Weak adhesion detection – Enhancing the analysis of vibroacoustic modulation by machine learning.

• Robust and reproducible artificial weak-bond creation in single-lap shear specimens. • Combination of vibroacoustic modulation analysis with machine learning to identify weak-bonds. • Improved classification of weak-bonds using a neural network resulted in 97% accuracy and prediction of shear strength by the neural network results is in general possible. • Neural network decisions are based on modulations traditionally not evaluated in previous approaches. Adhesive bonding is a well-established technique for composite materials. Despite advanced surface treatments and preparations, surface contamination and application errors still occur, resulting in localised areas with a reduced adhesion. The dramatic reduction of the bond strength limits the applicability of adhesive bonds and hampers further industrial adaptation. This study aims to detect weak-bonds due to manufacturing errors or contamination by analysing and interpreting the vibroacoustic modulation signals with the aid of machine learning. An ultrasonic signal is introduced into the specimen by a piezoceramic actuator and modulated through a low frequency vibration excited by a servo-hydraulic testing system.
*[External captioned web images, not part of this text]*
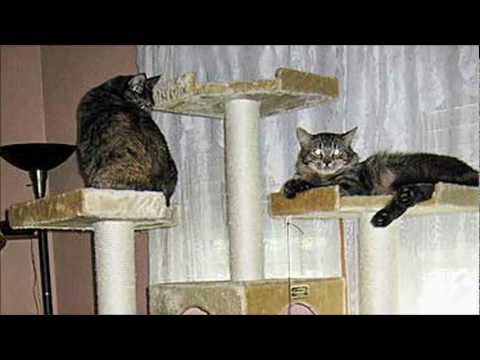 how to make a cat tree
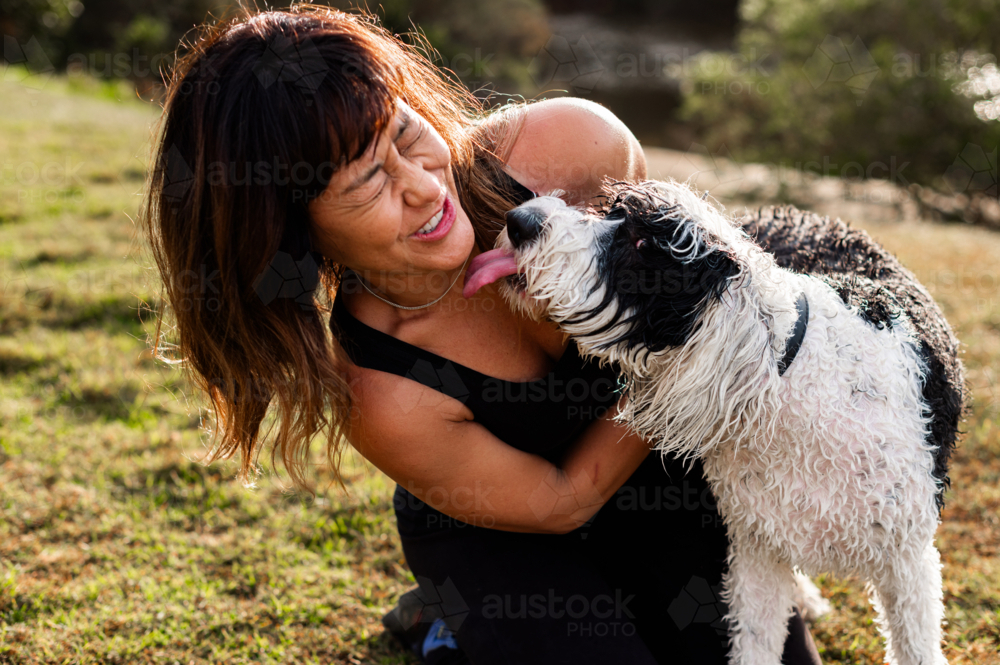 A woman laughs as her wet dog playfully licks her face in the grass on a sunny day - Australian Stock Image
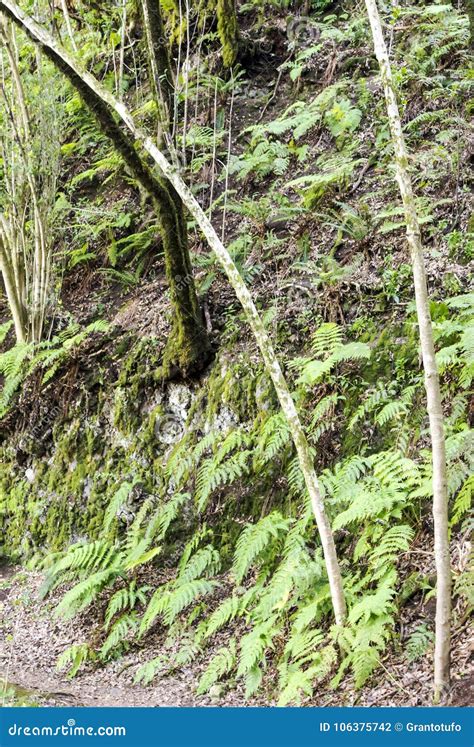 Path in the Forest of Anaga Stock Photo - Image of moss, fantastic ...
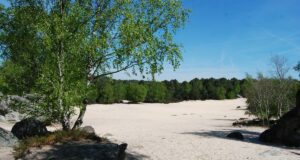 Réveiller ses sens à Fontainebleau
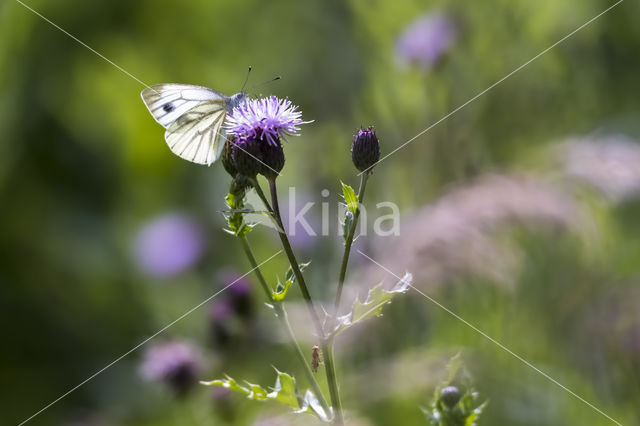 Klein geaderd witje (Pieris napi)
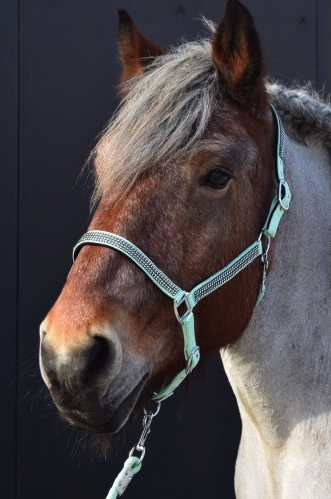 Volla Headcollar,  halter XXFull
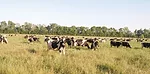 0515pd caldwell grazing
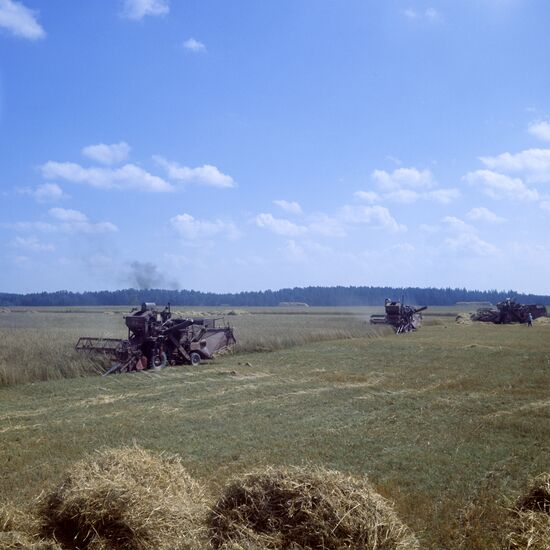 Leonpolis state farm in Lithuania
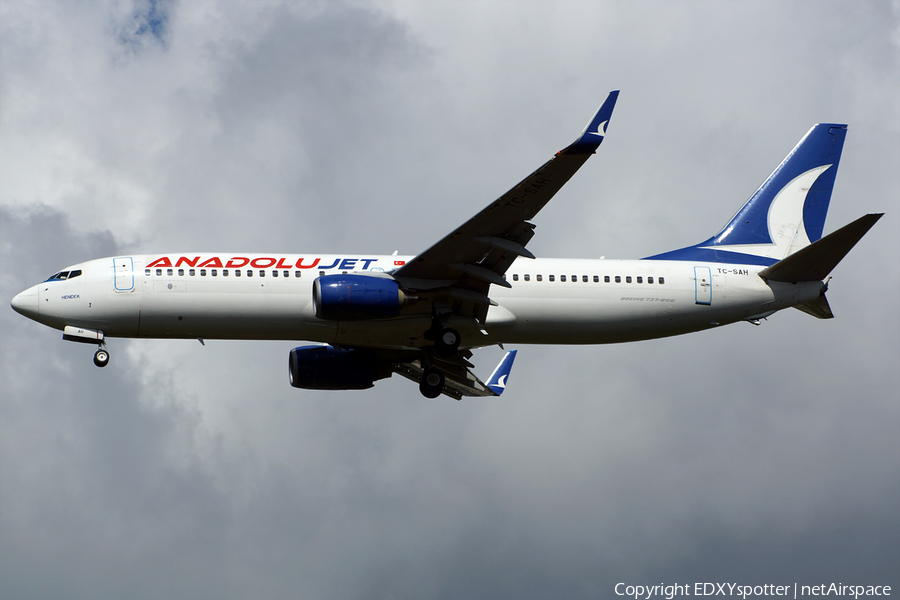 AnadoluJet Boeing 737-8FH (TC-SAH) | Photo 276998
Tested samples are single-lap shear specimens, according to ASTM D5868-01, with artificial circular debonding areas introduced as PTFE-films or a release agent contamination. It is shown that an artificial neural network can identify various defects in the bonded joint robustly and is able to predict residual strengths and hence demonstrates great potential for non-destructive testing of adhesive joints. [ABSTRACT FROM AUTHOR]